2

Both utf8mb4_unicode_ci and utf8mb4_danish_ci (mysql/mariadb database) seems to work fine on my danish website.

When I test for characters/symbols/emojis, they both seem to display the same result.
Danish letters like æ/ø/å works in both.

Why would I choose one charset/collation over the other?

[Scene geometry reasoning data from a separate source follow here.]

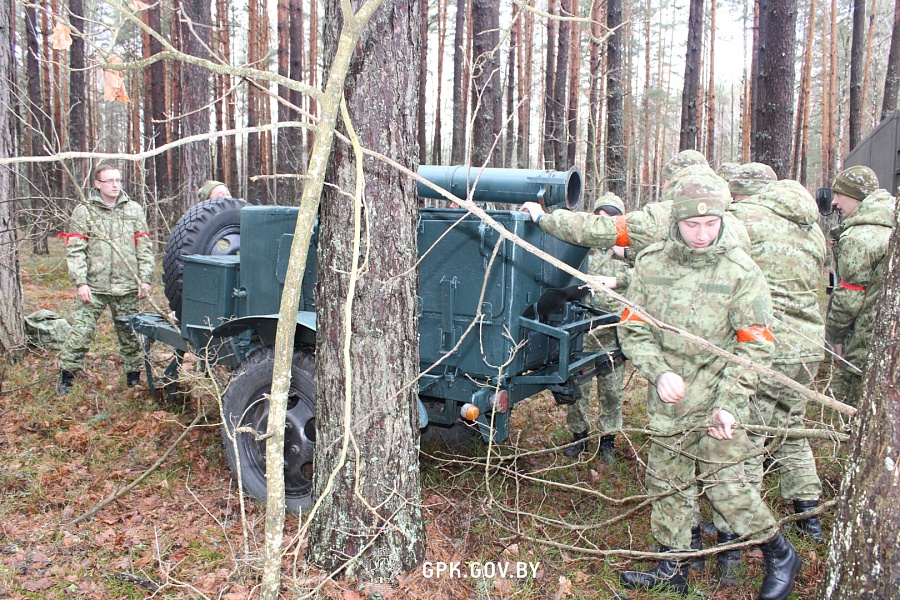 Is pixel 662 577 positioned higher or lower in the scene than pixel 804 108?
lower

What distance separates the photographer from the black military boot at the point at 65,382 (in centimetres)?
568

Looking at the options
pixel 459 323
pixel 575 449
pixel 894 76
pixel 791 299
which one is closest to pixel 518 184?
pixel 459 323

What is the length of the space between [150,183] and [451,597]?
25.0 meters

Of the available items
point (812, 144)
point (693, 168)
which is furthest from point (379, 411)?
point (812, 144)

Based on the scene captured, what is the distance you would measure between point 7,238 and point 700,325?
6500 mm

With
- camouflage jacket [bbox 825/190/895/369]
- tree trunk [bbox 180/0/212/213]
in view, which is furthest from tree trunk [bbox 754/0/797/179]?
tree trunk [bbox 180/0/212/213]

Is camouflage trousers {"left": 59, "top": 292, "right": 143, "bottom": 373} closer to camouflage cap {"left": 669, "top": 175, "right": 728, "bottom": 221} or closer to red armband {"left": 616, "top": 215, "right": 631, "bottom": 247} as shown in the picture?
red armband {"left": 616, "top": 215, "right": 631, "bottom": 247}

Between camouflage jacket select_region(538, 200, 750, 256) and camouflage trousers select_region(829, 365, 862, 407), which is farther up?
camouflage jacket select_region(538, 200, 750, 256)

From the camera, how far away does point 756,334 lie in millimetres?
3160

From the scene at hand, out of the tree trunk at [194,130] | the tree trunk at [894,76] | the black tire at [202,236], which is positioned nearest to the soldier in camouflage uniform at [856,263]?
the black tire at [202,236]

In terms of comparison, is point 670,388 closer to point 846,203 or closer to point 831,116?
point 846,203

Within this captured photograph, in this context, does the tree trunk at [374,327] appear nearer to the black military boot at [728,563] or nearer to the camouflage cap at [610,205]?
the black military boot at [728,563]

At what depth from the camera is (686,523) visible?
A: 3412mm

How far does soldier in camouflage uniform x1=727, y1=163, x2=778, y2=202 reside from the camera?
14.6 ft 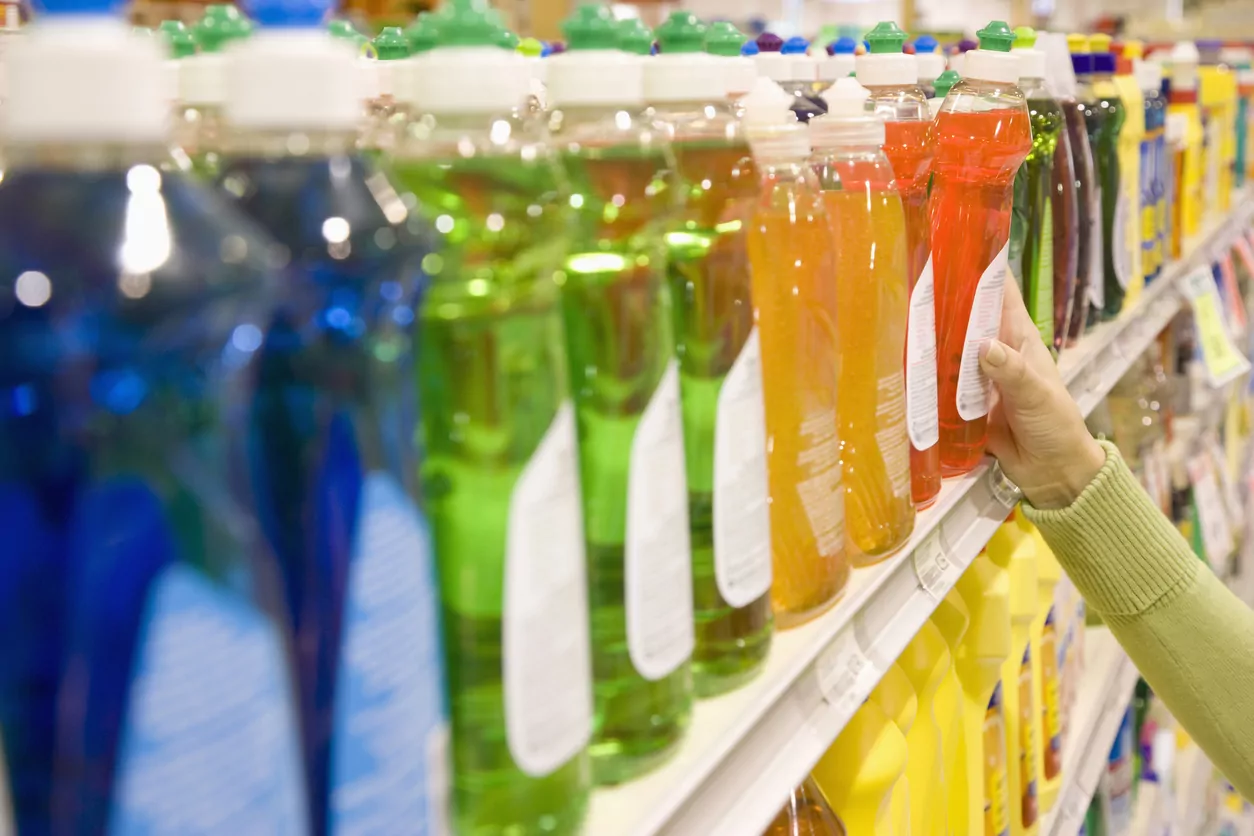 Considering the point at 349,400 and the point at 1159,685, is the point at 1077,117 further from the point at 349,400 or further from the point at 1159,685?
the point at 349,400

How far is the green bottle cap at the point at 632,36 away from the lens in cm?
64

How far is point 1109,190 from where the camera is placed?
1847mm

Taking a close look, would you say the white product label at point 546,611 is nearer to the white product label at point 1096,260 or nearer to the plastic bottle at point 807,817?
the plastic bottle at point 807,817

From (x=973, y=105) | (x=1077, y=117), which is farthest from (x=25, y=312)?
(x=1077, y=117)

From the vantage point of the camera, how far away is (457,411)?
52 centimetres

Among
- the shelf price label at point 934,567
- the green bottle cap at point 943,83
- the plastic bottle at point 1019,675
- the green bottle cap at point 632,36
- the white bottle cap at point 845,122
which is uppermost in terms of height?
the green bottle cap at point 632,36

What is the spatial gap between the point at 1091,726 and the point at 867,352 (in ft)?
4.62

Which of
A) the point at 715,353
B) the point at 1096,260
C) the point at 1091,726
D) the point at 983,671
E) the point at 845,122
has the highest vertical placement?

Does utf8mb4_danish_ci add characters/codes or is it actually more narrow than utf8mb4_unicode_ci?

CKE
  • 1,533
  • 19
  • 18
  • 29
mowgli
  • 2,796
  • 3
  • 31
  • 68
  • 2
    The charset is `utf8mb4`. `utf8mb4_danish_ci` is the collation which "is a set of rules for comparing characters in a character set". – user3783243 Jul 18 '18 at 03:52
  • So why choose utf8mb4_unicode_ci over utf8mb4_danish_ci or reversed? – mowgli Jul 18 '18 at 04:04
  • It is for comparison, not storage. `characters/symbols/emojis` will not be an issue, nor `characters/codes`. They both support the same character set. https://stackoverflow.com/questions/367711/what-is-the-best-collation-to-use-for-mysql-with-php – user3783243 Jul 18 '18 at 04:12
  • Ok. I doubt I will be comparing utf8 characters/codes, only iso characters. The utf8mb4 is just to give users the ability to use emoji's etc. in a text field on my website. So I guess it's more a matter of performance? (in my case) – mowgli Jul 18 '18 at 04:20
  • Yup, or my understanding of it at least. I'll leave it to someone with more experience in case there are nuisances I'm missing though. – user3783243 Jul 18 '18 at 04:25
  • part of SHOW COLLATION WHERE Charset = 'utf8mb4'; result:utf8mb4_danish_ci | utf8mb4 | 235 | | Yes | 8 | PAD SPACE | utf8mb4_unicode_ci | utf8mb4 | 224 | | Yes | 8 | PAD SPACE | they are same – yaoweijq Jul 18 '18 at 08:55
  • An example I like is Spanish: `ch` used to be a letter of its own so dictionaries looked like `canada corea china`. The rule changed and it was split into c and h so dictionaries were updated to `canada china corea`. Same language, same characters, same encoding but two different collations to choose from ("traditional" and "modern"). – Álvaro González Jul 18 '18 at 18:50
  • @yaoweijq - The meat is behind the column with `235` vs `224`; the collations _are_ different. And especially different in the 3 'characters' the OP mentioned. – Rick James Jul 19 '18 at 15:42
  • @mowgli - "Encoding" is one thing; "Collation" is another. `ch` is _encoded_ the same in all `CHARACTER SETs`, but sorts different in `utf8_spanish2_ci` (and czech, lithuanian, and slovak collations). In utf8_lithuanian_ci, `c=ch`. More: http://mysql.rjweb.org/utf8_collations.html – Rick James Jul 19 '18 at 15:49
  • (For this European languages, character sets `utf8` and `utf8mb4` are identical, except for name.) – Rick James Jul 19 '18 at 15:51
  • @RickJames 235 vs 224 is only the identifier, i think actually they are the same, as other columns values are all the same. – yaoweijq Jul 20 '18 at 06:12
  • @yaoweijq - But all the collation information is behind that identifier, in some file or code somewhere. The _encoding_ is the same (both are utf8mb4); the _collation_ is different. – Rick James Jul 20 '18 at 14:18

1 Answers1

2

To distinguish and sort Emoji, I think you need utf8mb4_unicode_520_ci, which is based on Unicode 5.20. utf8mb4_unicode_ci is based on the older 4.0. (I don't know _danish_ compares Emoji.) MySQL 8.0 will introduce the 9.0 version: utf8mb4_0900_ai_ci.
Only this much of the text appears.